Landgericht Hannover
Urt. v. 23.06.2009, Az.: 18 S 74/08
Minderung eines Reisepreises i.R.e. Kulturreise aufgrund der Absage eines Konzerts eines berühmten Solisten
Bibliographie
- Gericht
- LG Hannover
- Datum
- 23.06.2009
- Aktenzeichen
- 18 S 74/08
- Entscheidungsform
- Urteil
- Referenz
- WKRS 2009, 37882
- Entscheidungsname
- [keine Angabe]
- ECLI
- ECLI:DE:LGHANNO:2009:0623.18S74.08.0A
Verfahrensgang
- vorgehend
- AG Hannover - 23.10.2008 - AZ: 406 C 6029/08
Rechtsgrundlagen
- § 651c Abs. 1 BGB
- § 651d Abs. 1 BGB
Fundstellen
- RRa 2010, 29-30
- VRR 2011, 87
In dem Rechtsstreit
...
hat die 18. Zivilkammer des Landgerichts Hannover
auf die mündliche Verhandlung vom 02.06.2009
durch
den Vorsitzenden Richter am Landgericht ...,
den Richter am Landgericht ... und
den Richter am Landgericht ...
für Recht erkannt:
Tenor:
Die Berufung der Beklagten gegen das Urteil des Amtsgerichts Hannover vom 23.10.2008 - Az. 406 C 6029/08 - wird zurückgewiesen.

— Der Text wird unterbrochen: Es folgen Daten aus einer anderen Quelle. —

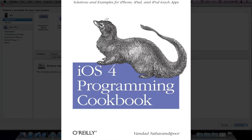Hi, my name is Van Nahavandipur, and I am the author of O'Reilly's iOS 4 Programming Cookbook.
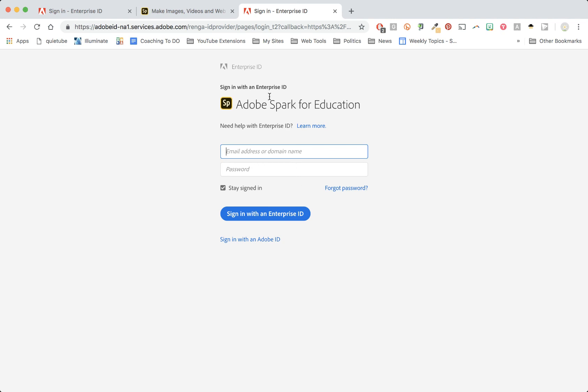So just remember the only difference is that second time you're going to click log in instead of create an account.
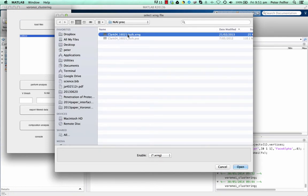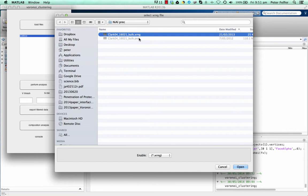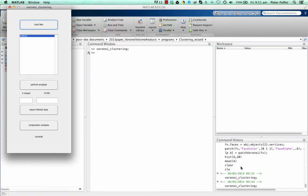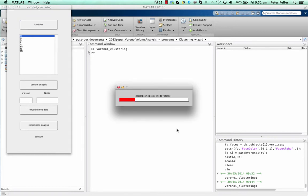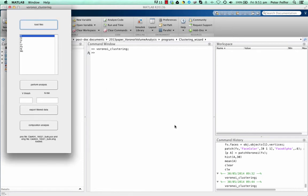Then you read in the windowing file, which is in .xrange format. This is a format that I've come up with, and it's XML-based, which means if you're programming analysis yourself, any programming language will be able to read it in straight away. In order to produce these files, just go on to my webpage, www.peterfelfer.org, and you can download an editor that can produce these from .pos and .epos files.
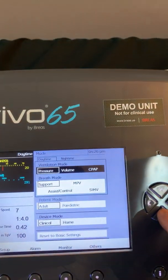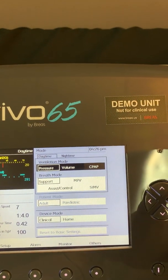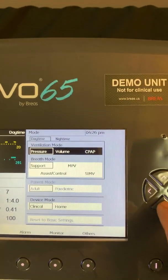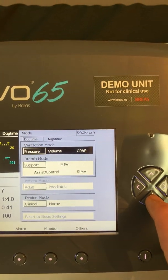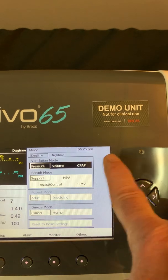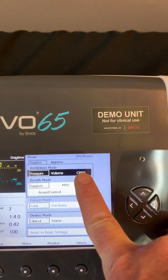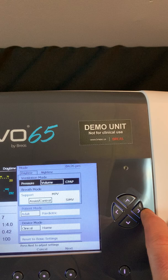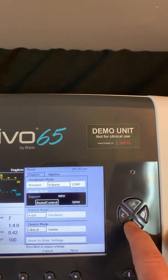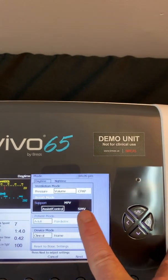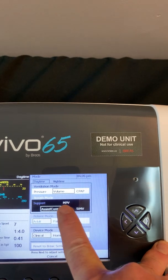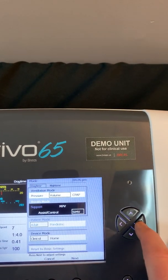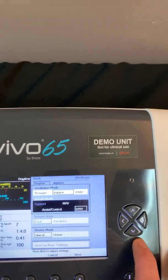I'm going to place the device into a volume mode just to give you a demonstration on how to make a mode change. I've highlighted the ventilation mode parameter, I'm going to move the box over to volume, and then moving down my choices are either volume assist control, volume mouthpiece ventilation, or volume SIMV. Let's go ahead and choose volume SIMV.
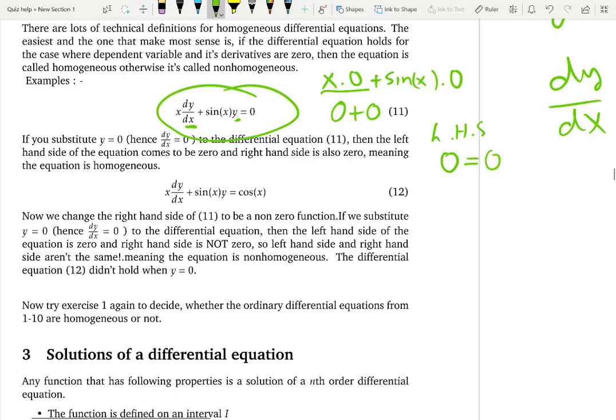The right-hand side is also 0. So when y = 0, the equation holds — left-hand side equals right-hand side, like a balance. That means y = 0 is a solution of the differential equation, similar to the pendulum naturally oscillating. When the differential equation holds for y = 0, it is a homogeneous differential equation.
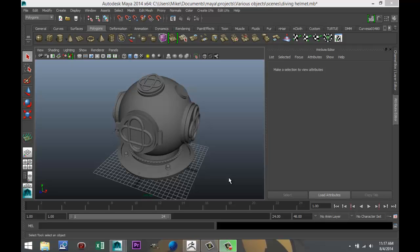Hey guys, welcome back. This is Mike Hermes at Image Tutorials, and today I want to show you guys how you can export a file out of Maya into ZBrush.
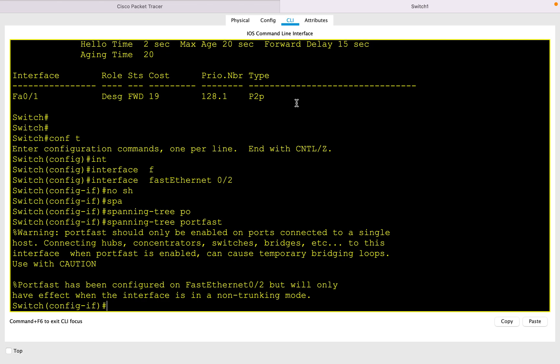This will enable PortFast and display a warning which says it should be enabled where a PC or single host is connected. If you have a hub, concentrator, switch, or bridge connected to this, then you can cause temporary bridging loops. So use it with caution.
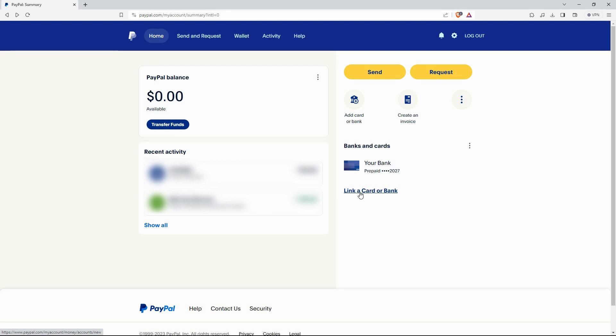For those using the phone, just tap the link bank option and enter your Revolut IBAN number. And that is how to connect PayPal to Revolut account.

Auf die Anschlussberufung des Klägers wird das Urteil des Amtsgerichts Hannover teilweise geändert und wie folgt neu gefasst:
Die Beklagte wird verurteilt, an den Kläger 1.828,- € nebst Zinsen in Höhe von 5 Prozentpunkten über dem Basiszinssatz seit dem 02.04.2008 sowie vorgerichtliche Rechtsanwaltskosten in Höhe von 114,78 € nebst Zinsen in Höhe von 5 Prozentpunkten über dem Basiszinssatz seit dem 27.05.2008 zu zahlen.
Die Beklagte trägt die Kosten des Rechtsstreits.
Das Urteil ist vorläufig vollstreckbar.
Die Revision wird nicht zugelassen.
Der Streitwert wird für die Berufungsinstanz festgesetzt auf insgesamt 1.828,- €.
Gründe
I.
Der Kläger buchte bei der Beklagten für sich und seine Ehefrau eine "5-tägige Kulturreise in die ..." zum Preis von 4.572,-€ (ohne Anreise). Zu den Reiseleistungen gehörte unter anderem die Teilnahme an zwei Konzerten des "Festival ... - ... Festival". In dem Reiseprospekt der Beklagten waren ein Konzert mit dem Violinisten ... sowie - als "der kulturelle Höhepunkt" der Reise - ein gemeinsamer Auftritt der ... und der ... angekündigt. Aufgrund der Absage dieser Solisten traten stattdessen ... und ... auf. Der Kläger hat deshalb erstinstanzlich eine Minderung des Reisepreises in Höhe von 40 % begehrt, da es ihm und seiner Frau besonders darauf angekommen sei, einmal ... im kleinen Kreis zu hören und dies der ausschlaggebende Grund der Reise gewesen sei. Das Amtsgericht hat einen Reisemangel bejaht und dem Kläger eine Minderung von 25 % zugesprochen.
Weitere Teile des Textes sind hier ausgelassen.